What you should do:
Exactly as they appear, write the lines from the one containing "Hamster Zombie d'Halloween" to the final line of the entries, leaving pictures out.

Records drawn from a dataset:
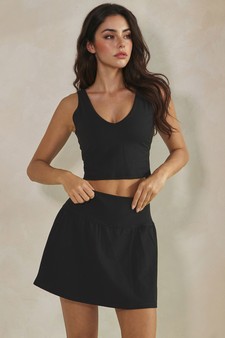 ETA 05/28/26 - Buttery Soft Activewear Top & Skort Set style 4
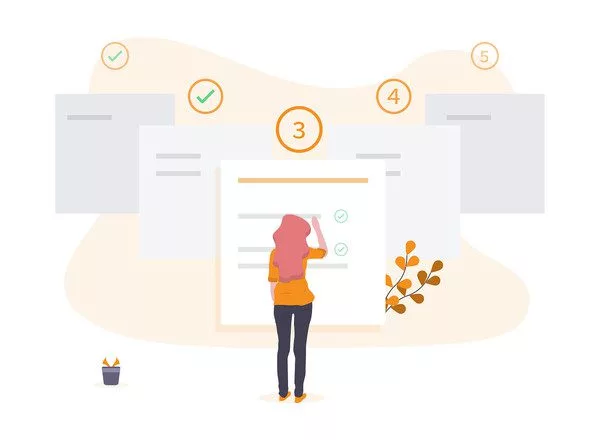 引导客户完成购物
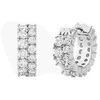 Michael Kors Premium hoop earrings with cubic zirconia MKJ8518040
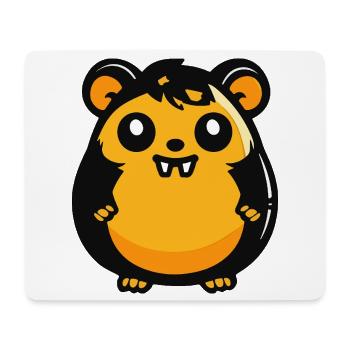 Hamster Zombie d'Halloween - Tapis de souris (format paysage) - blanc - Devant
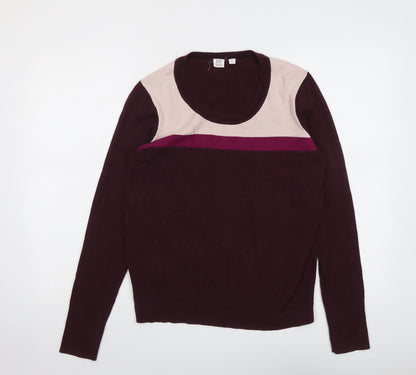 Gap Womens Purple Round Neck Acrylic Pullover Jumper Size M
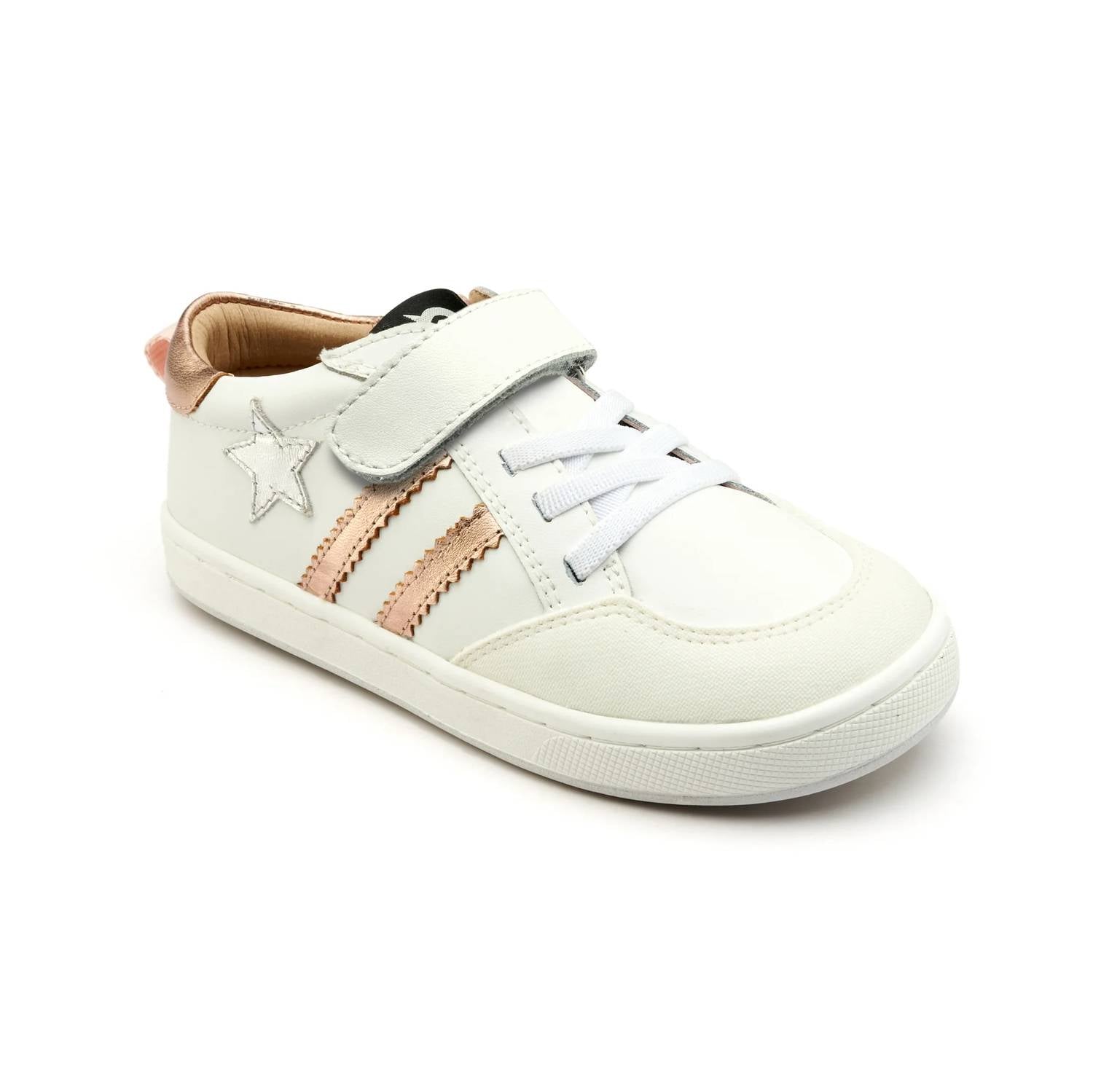 Oldsoles - Kid's Wos Platinum Runner VL Strap Star Sneakers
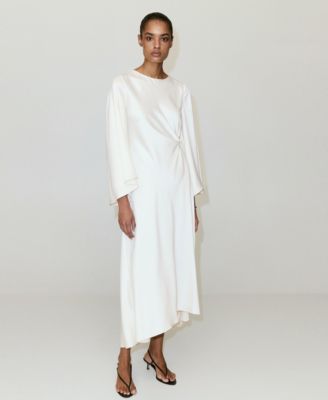 Women's Ruched Satin Dress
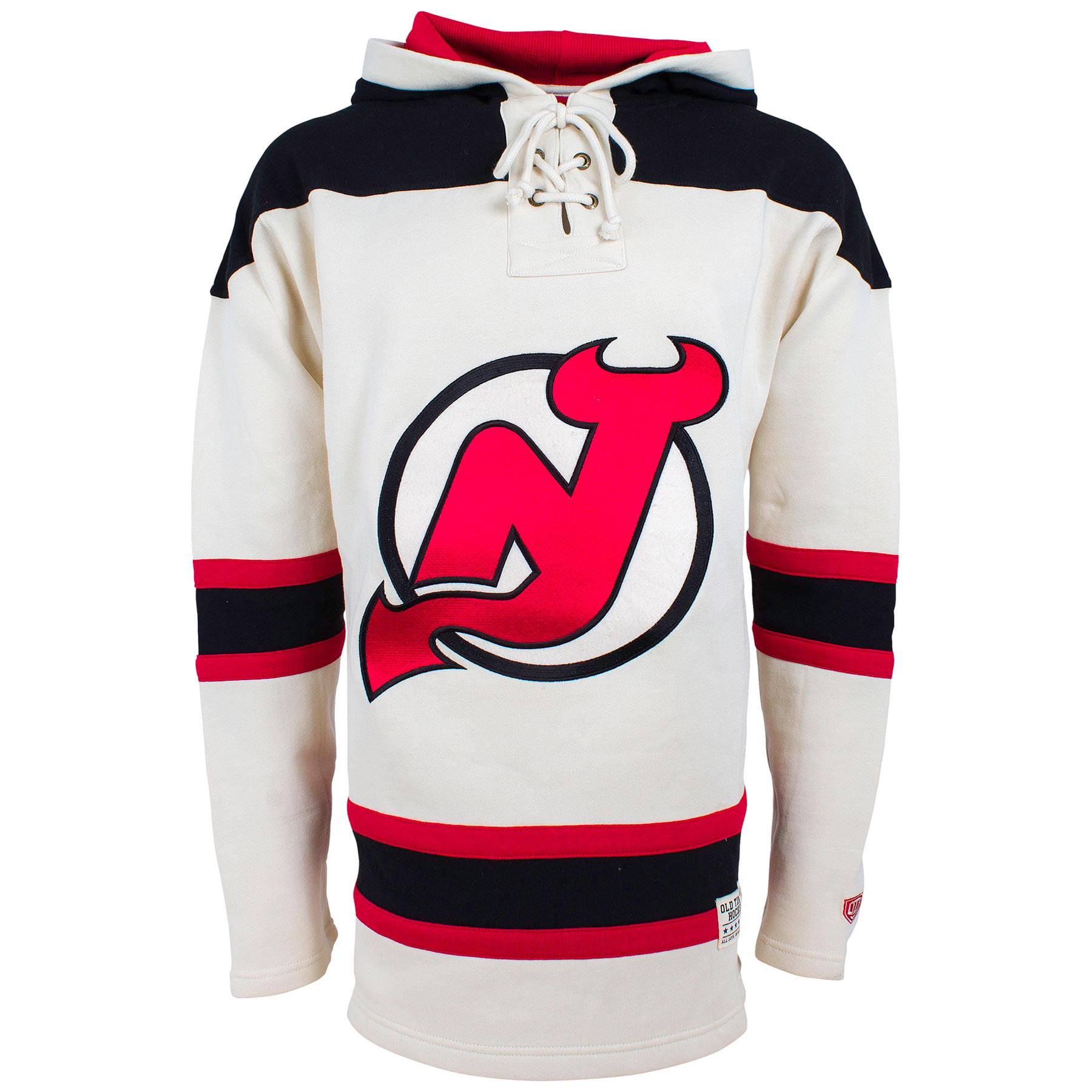 New Jersey Devils Vintage Heavyweight Jersey Lacer Hoodie - Old Time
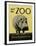 Visit the Zoo - Hippo-The Vintage Collection-Framed Art Print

Response area:
 Hamster Zombie d'Halloween - Tapis de souris (format paysage) - blanc - Devant
 Gap Womens Purple Round Neck Acrylic Pullover Jumper Size M
 Oldsoles - Kid's Wos Platinum Runner VL Strap Star Sneakers
 Women's Ruched Satin Dress
 New Jersey Devils Vintage Heavyweight Jersey Lacer Hoodie - Old Time
 Visit the Zoo - Hippo-The Vintage Collection-Framed Art Print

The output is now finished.